Este modelo governamental durou apenas 11 anos, pois a morte do Marechal Tito em 1980 aliada à decadência econômica pela qual passava a Europa Ocidental reacenderam o ódio étnico nos Bálcãs. A Iugoslávia entrou em um período de grave crise com dívidas superiores a 20 bilhões de dólares, mais de 50% de seu capital atrelado a empréstimos e bancos externos e sem possibilidade de acesso às reservas internacionais (CINTRA, 2009, p. 37). Políticas austeras dos órgãos econômicos internacionais quase levaram a Iugoslávia ao colapso, com diminuição dos salários em torno de 30%, 1/5 das receitas totais destinadas ao pagamento da dívida externa, o nível de desemprego alcançava 1/3 da força de trabalho e a inflação chegou a 580% (AGUILAR, p. 72). A Federação, em 1987, aceitou uma emenda Constitucional que transformou o Estado iugoslavo num “estado policêntrico” com o intento de conceder maior autonomia às repúblicas, porém esta medida não alcançou a eficácia esperada e causou o aumento das pressões nacionalistas contra o Governo Central, permitindo que os líderes locais obtivessem o apoio das massas nacionalistas e realizassem seguidos levantes que culminaram com as guerras internas e localizadas entre as várias repúblicas pertencentes à Iugoslávia (CINTRA, 2009, p. 65).
O nacionalismo exacerbado, a inconsistência social e política e a decadência econômica foram os principais fatores que permitiram o ressurgimento de líderes ultranacionalistas que se ampararam nas massas para conquistar o poder político de várias formas e possibilitou a ocorrência das guerras travadas entre as repúblicas.

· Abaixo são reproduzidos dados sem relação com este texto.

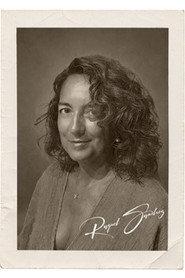 Raquel Sánchez as Pepi in Los ojitos verdes 2022
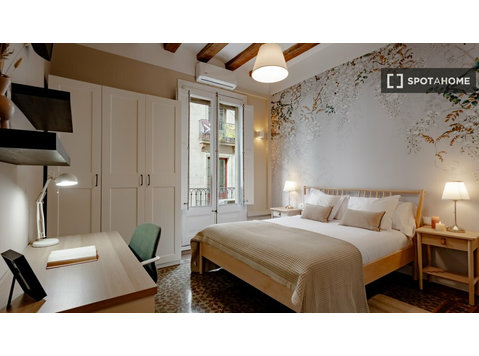 Se alquila habitación en piso compartido en Barcelona - Alquiler
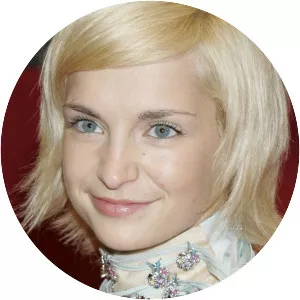 Sabrina Reiter - Actress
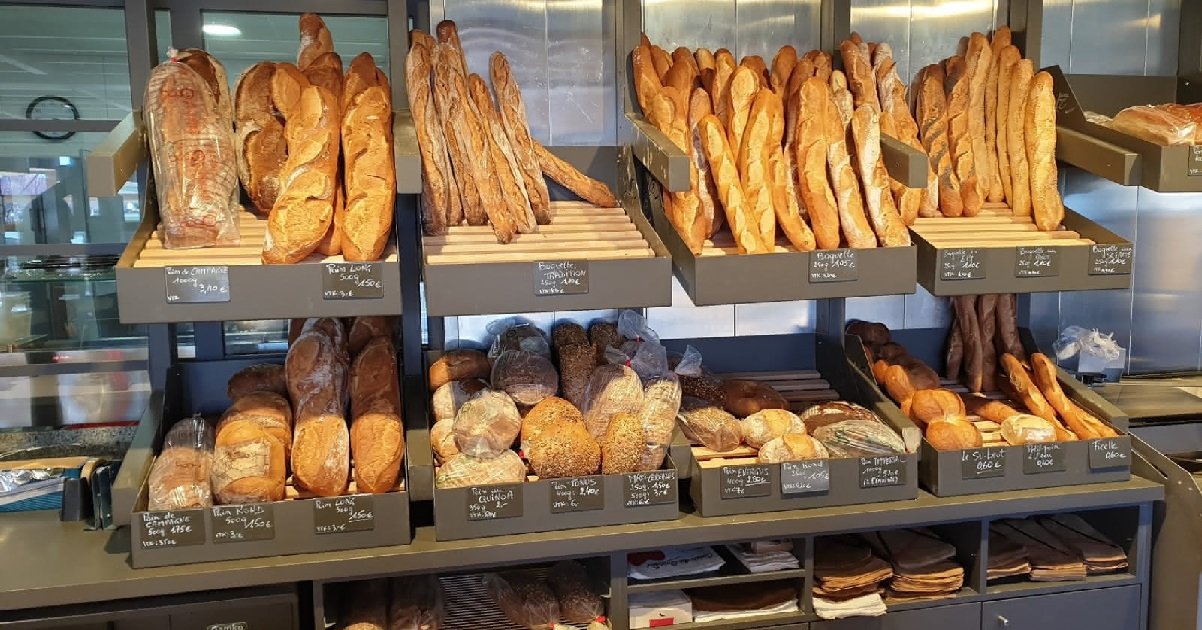 boulangerie.jpg?resize=412,275 - Solidarité: La gendarmerie a fait un étrange cadeau au boulanger de Noyers-sur-Jabron (04)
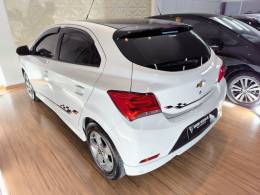 CHEVROLET - ONIX - 2017/2018 - Branca - R$ 62.900,00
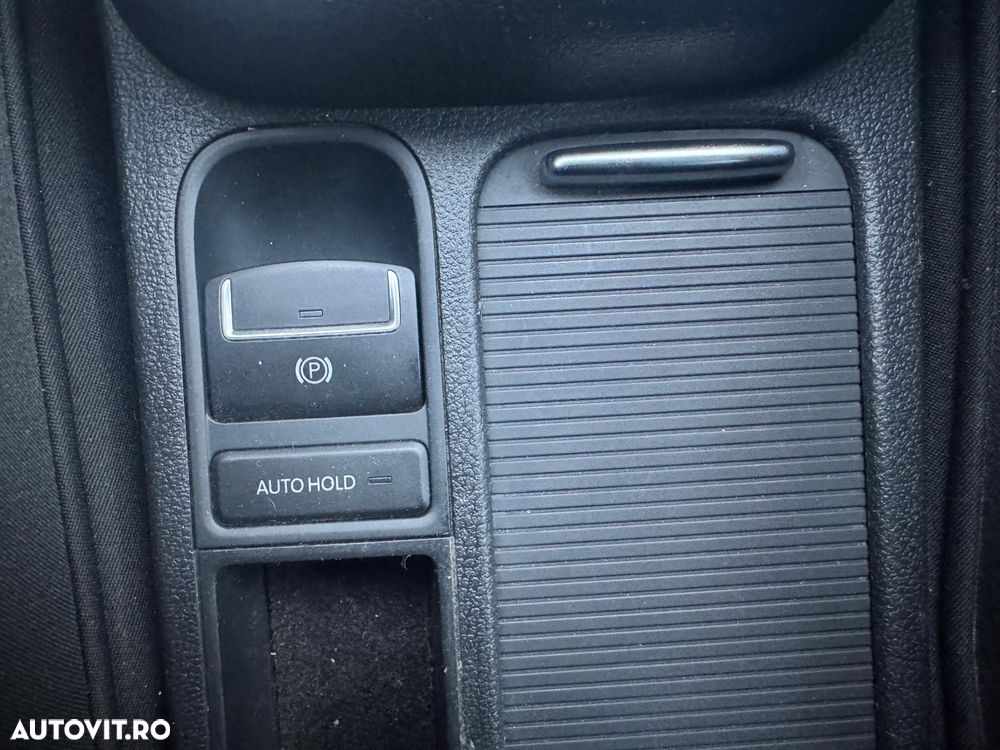 Volkswagen Tiguan 2.0 TDI 4Motion DSG Sport & Style - 12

Neste contexto, a antiga Iugoslávia presenciou três focos principais de conflitos ocorridos durante a dissolução da República Socialista Federativa da Iugoslávia. Eles compreenderam a Guerra da Independência Eslovena (1991), a Guerra da Independência Croata (1991-1995) e a Guerra da Bósnia (1992-1995). No outro grupo observaram-se as guerras em áreas povoadas por albaneses, sendo a Guerra do Kosovo (1996-1999), o Conflito no Sul da Sérvia (2000-2001) e o Conflito na Macedônia (2001). Por fim, há as operações da OTAN contra a Sérvia chamadas de Operação Força Deliberada (bombardeio sobre posições sérvias na Croácia e na Bósnia entre 1995 e 1996) e a Operação Força Aliada (bombardeio sobre a Sérvia em 1999).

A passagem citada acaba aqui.